Task item
Nothing but the pictures should be dropped; repeat the rest of the data below exactly.

Information provided
((

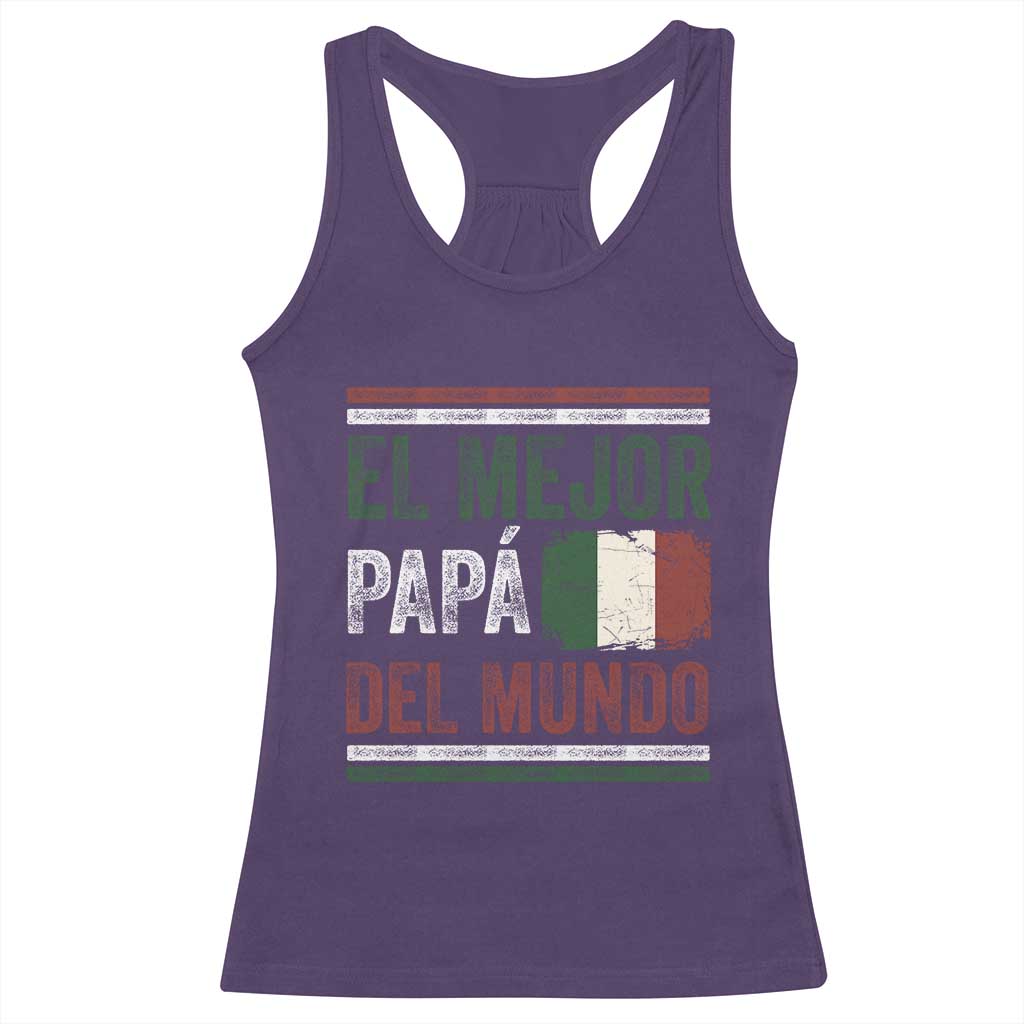 Funny Italian Dad The Best Father Of The World Racerback Tank Top El Mejor Papa Del Mundo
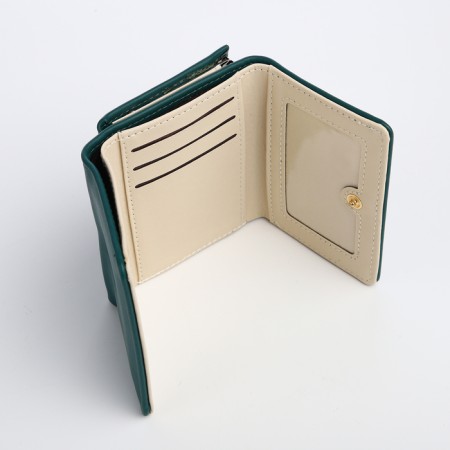 Women's wallet on the button, the color is dark green-2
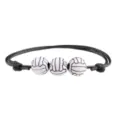 Braccialetto intrecciato con perline di pallavolo sportiva, elegante corda da polso atletica. - Stile Pallavolo 2
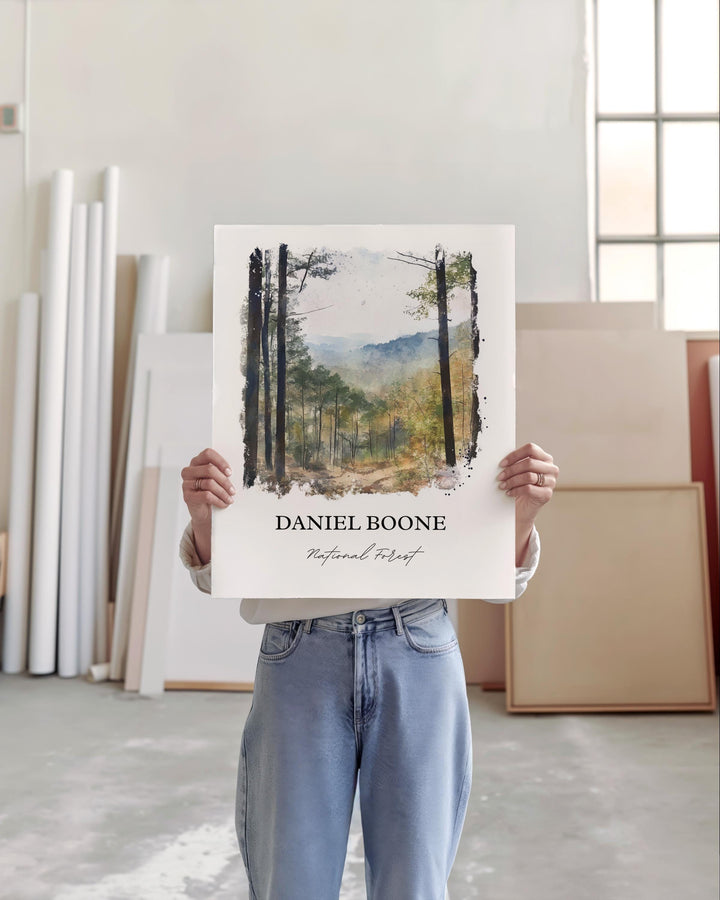 Daniel Boone National Forest Art, Kentucky Print, Kentucky Watercolor, Winchester KY Gift, Travel Print, Travel Poster, Housewarming Gift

))

Output for this exercise
 Funny Italian Dad The Best Father Of The World Racerback Tank Top El Mejor Papa Del Mundo
 Women's wallet on the button, the color is dark green-2
 Braccialetto intrecciato con perline di pallavolo sportiva, elegante corda da polso atletica. - Stile Pallavolo 2
 Daniel Boone National Forest Art, Kentucky Print, Kentucky Watercolor, Winchester KY Gift, Travel Print, Travel Poster, Housewarming Gift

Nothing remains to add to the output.